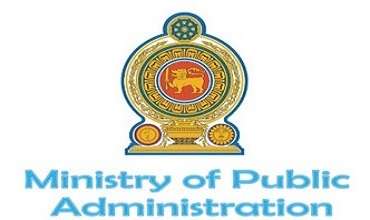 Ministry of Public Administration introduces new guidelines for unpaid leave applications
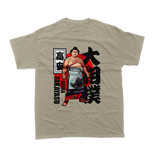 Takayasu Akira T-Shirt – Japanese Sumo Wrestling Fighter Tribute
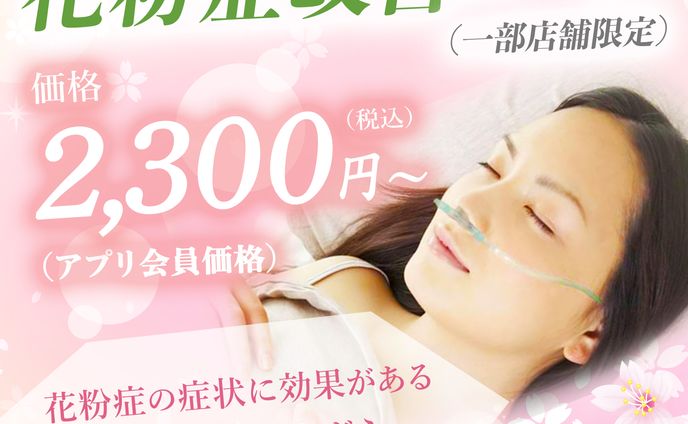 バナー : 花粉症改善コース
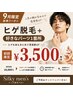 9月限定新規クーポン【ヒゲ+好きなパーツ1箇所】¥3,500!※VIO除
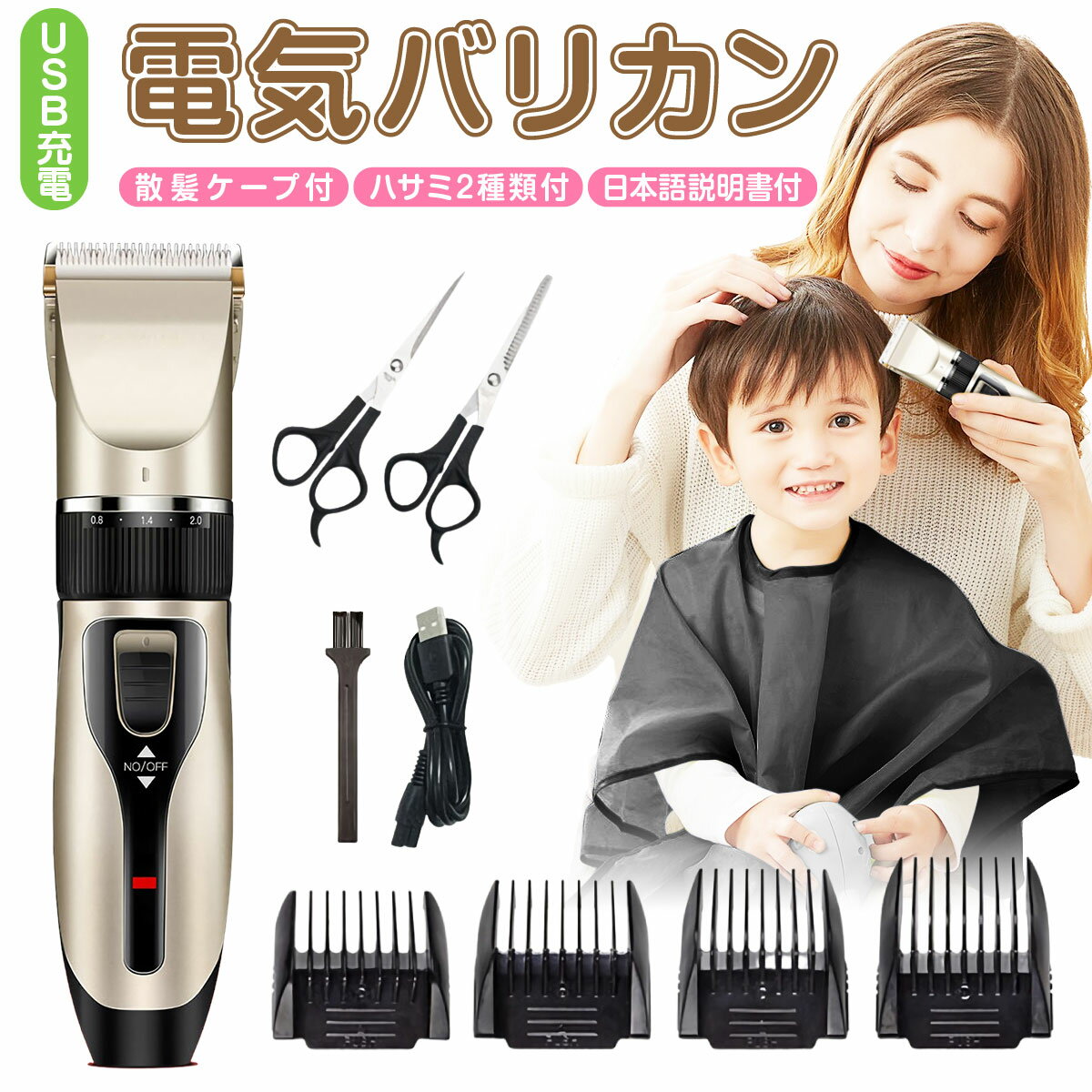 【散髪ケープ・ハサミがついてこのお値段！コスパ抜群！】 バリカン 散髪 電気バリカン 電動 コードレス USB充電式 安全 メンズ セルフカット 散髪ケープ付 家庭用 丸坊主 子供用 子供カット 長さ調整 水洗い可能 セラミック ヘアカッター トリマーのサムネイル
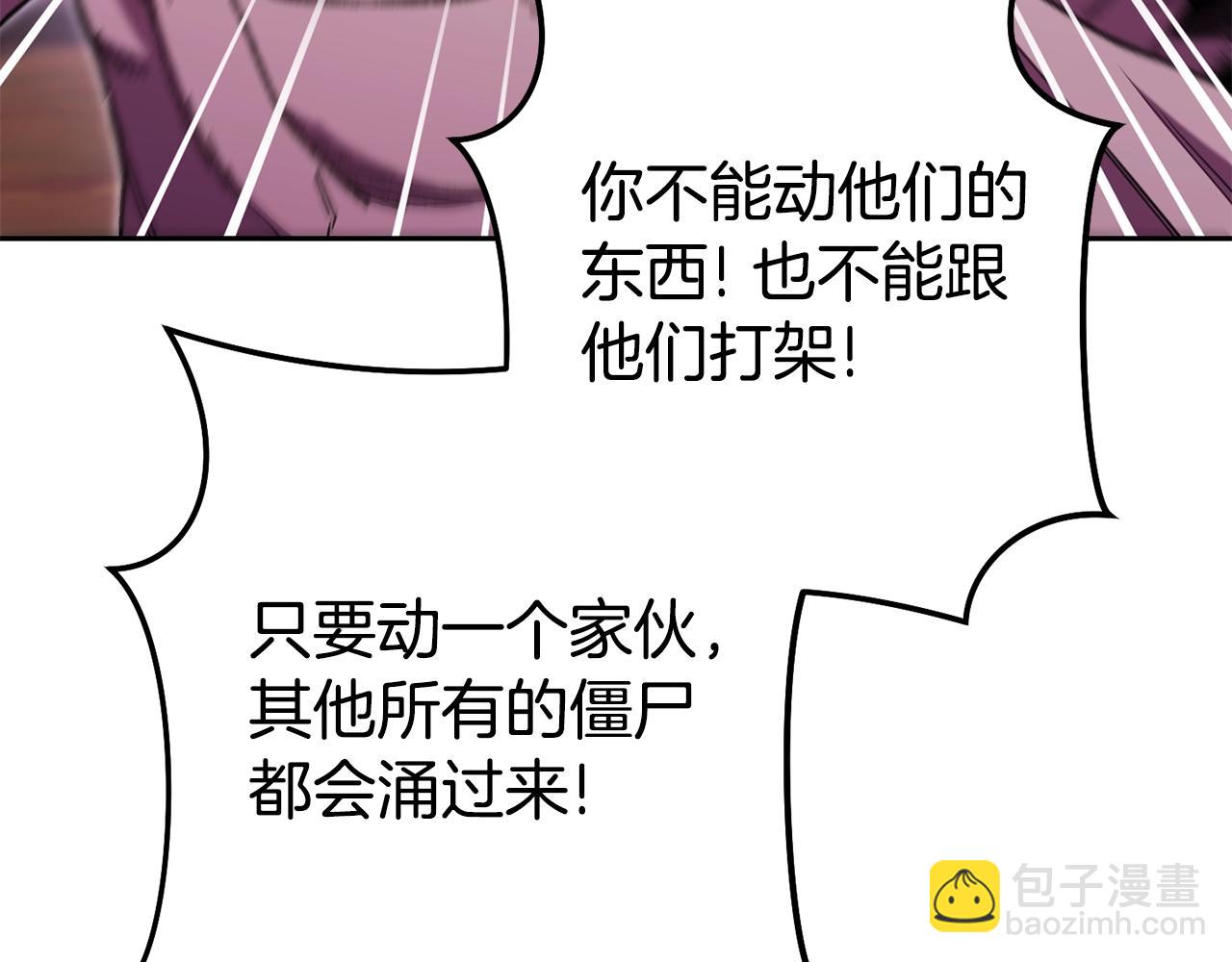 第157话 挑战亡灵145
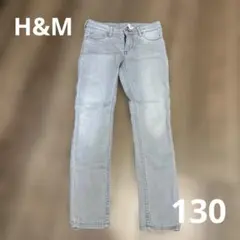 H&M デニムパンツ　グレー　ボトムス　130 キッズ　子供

:::

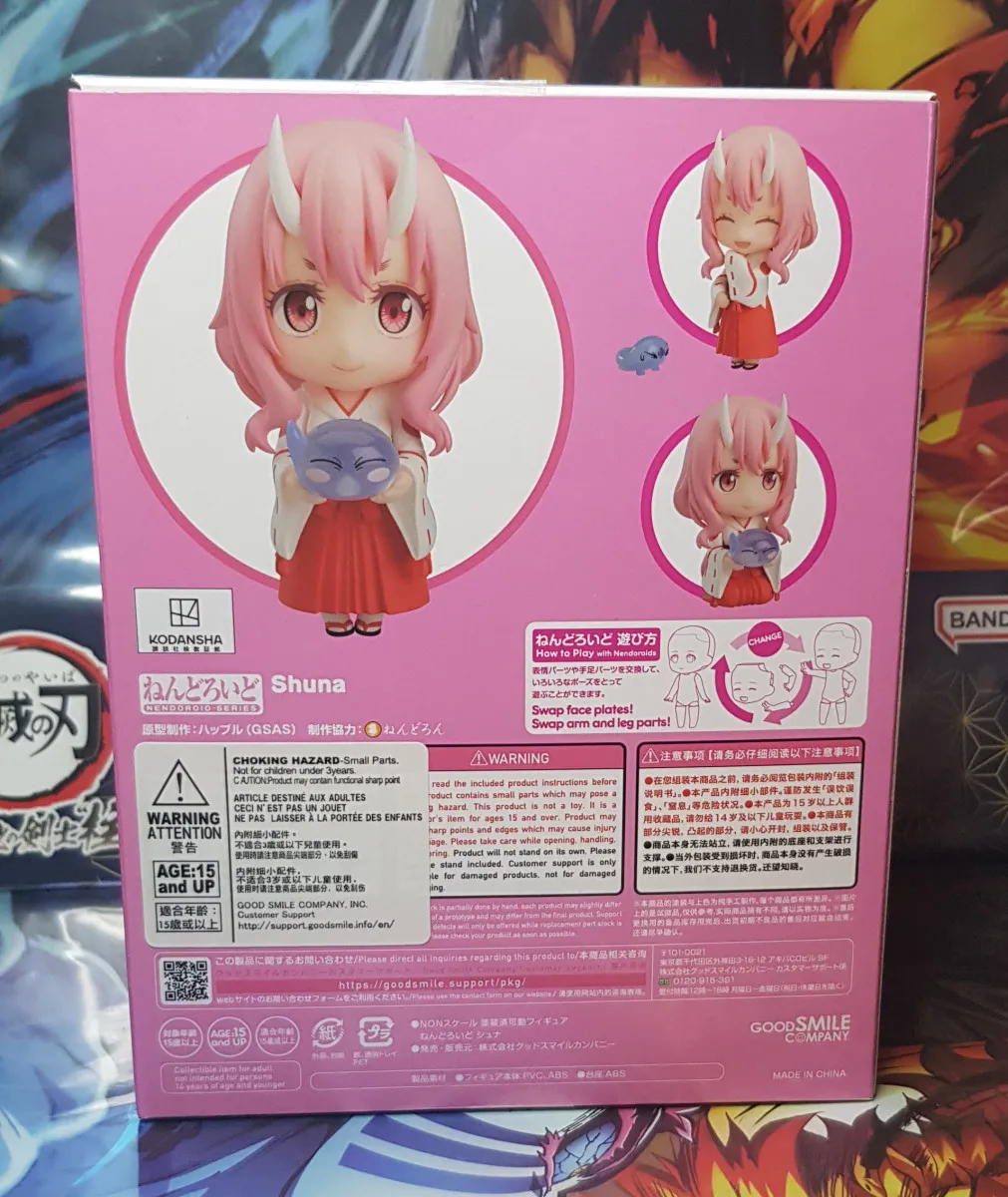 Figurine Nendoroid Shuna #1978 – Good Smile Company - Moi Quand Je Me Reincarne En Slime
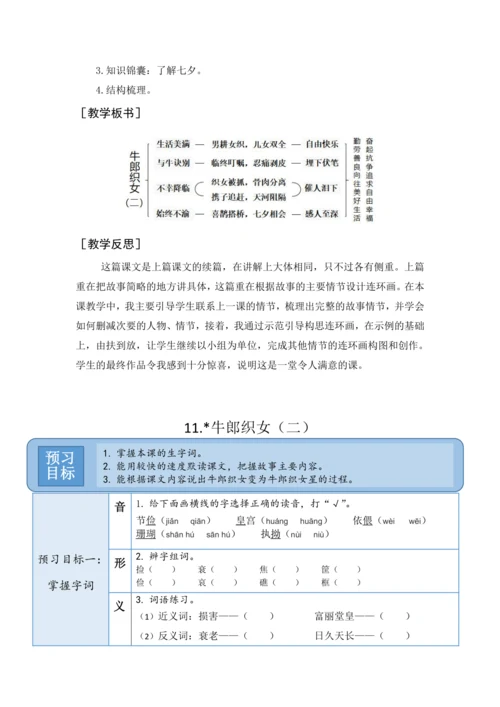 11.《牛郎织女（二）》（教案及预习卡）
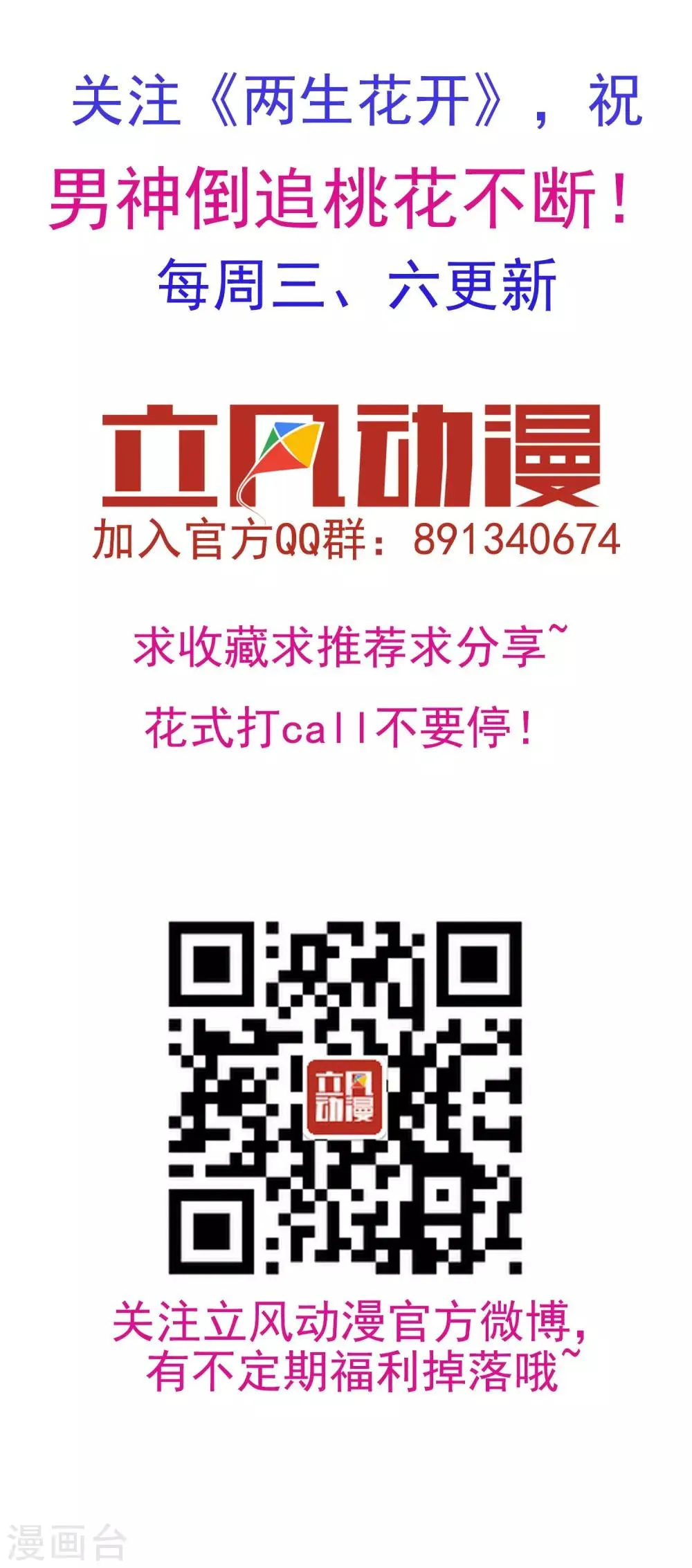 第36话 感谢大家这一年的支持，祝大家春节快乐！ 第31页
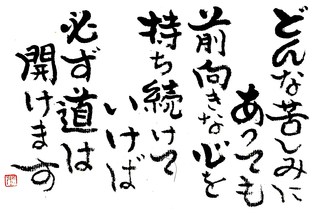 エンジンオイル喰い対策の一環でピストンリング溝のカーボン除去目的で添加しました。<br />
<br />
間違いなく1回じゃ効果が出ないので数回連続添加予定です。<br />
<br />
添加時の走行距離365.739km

:::

In the material above, locate the line containing "間違いなく1回じゃ効果が出ないので数回連続添加予定です。<br />" and the line containing "添加時の走行距離365.739km". Transcribe exactly those two lines and every line between them, and nothing more.

> Answer below:
間違いなく1回じゃ効果が出ないので数回連続添加予定です。<br />
<br />
添加時の走行距離365.739km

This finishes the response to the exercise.